What is a Gose?
First Posted: 1/19/2015
Brief History — Pronounced “Goes-ah” the Gose style was first brewed in the early 16th century in the town of Goslar, from which its name derives. It became so popular in Leipzig that local breweries started to make it themselves. By the end of the 1800s, it was considered to be the local style of Leipzig. The style fell in and out of favor over time and around World War II it disappeared a few times from the brewing scene, and again in the late ’80s. However the style has been growing in popularity in recent years with more craft brewers turning their hands to the style with great results.
Standard Characteristics — Gose is an unfiltered wheat beer made with 50 to 60 percent malted wheat, which creates a cloudy yellow color and provides a refreshing crispness and twang. A Gose will have low hop bitterness with dryness and spice from the use of ground coriander seeds and a sharpness from the addition of salt. Gose will sometimes be laced with various flavored and colored syrups. This is to balance out the lactic acid that is added to the boil.
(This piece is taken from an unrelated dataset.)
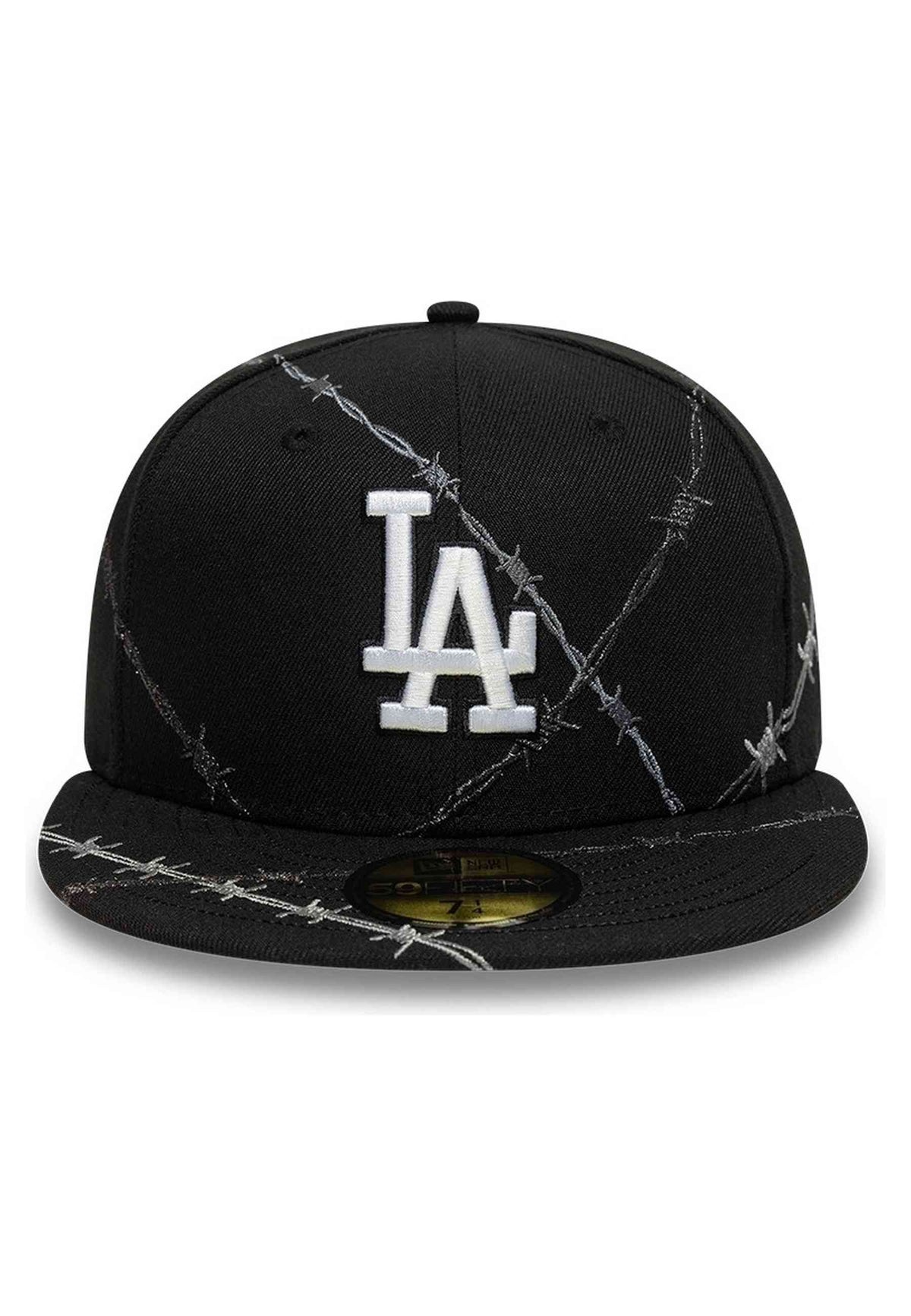 GORRA NEW ERA NEW YORK YANKEES 59FIFTY WIRE NEGRA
Nose — The aroma will have hints of tartness, salt and sweet wheat malts. The aroma will be effervescent and rejuvenating and, depending on the brewers choice of ingredients, may have a wide array of different fruit aromatics.
Body — A thin to medium-thin body is typical for the style as many tend to be lower in ABV. This thin body aids in the refreshing character of the beer with strong carbonation being made present on the pale.
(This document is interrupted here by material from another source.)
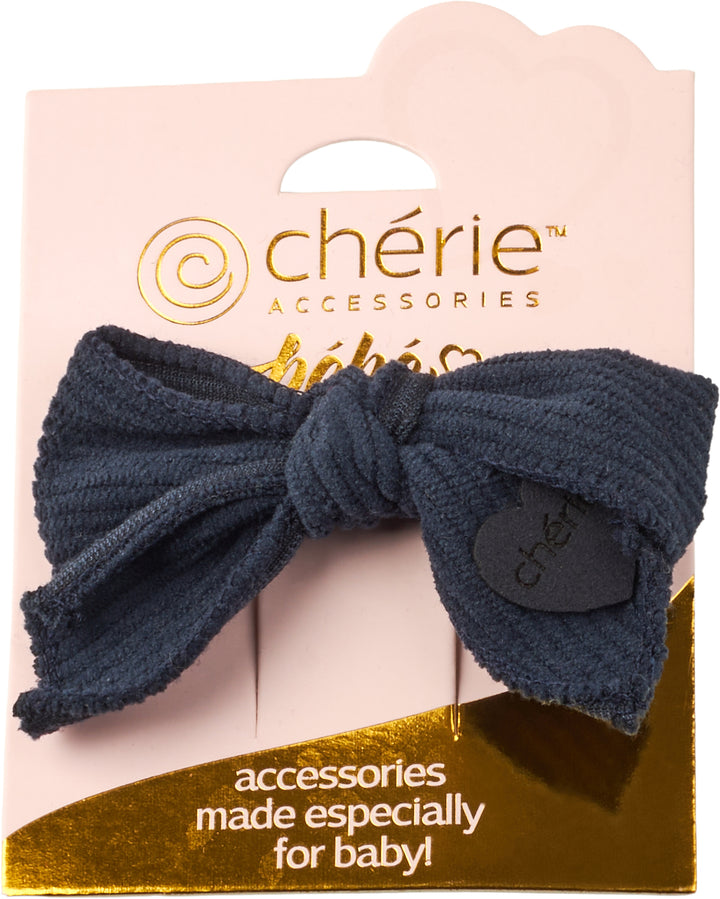 clip corduroy heart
Taste — The taste is invigorating with slight sour tart notes balanced against sweet wheat malts and touches of salt. The salt is not overwhelming and instead plays more of a balancing act against the tart character of the beer.
Food Pairing — Gose beers are perfect when paired with any number of seafood dishes due to the hints of salt and tart notes. Spicy foods, especially those of Thai origin also make for an excellent pairing.
Recommendations — The Gose style is one that may not appeal to everyone right away, but it is a style whose resurgence in popularity is bringing many wonderful interpretations to this historic style. These new interpretations are seemingly more approachable for many craft beer novices. It is a style that craft beer experts and novices can enjoy side by side quite easily.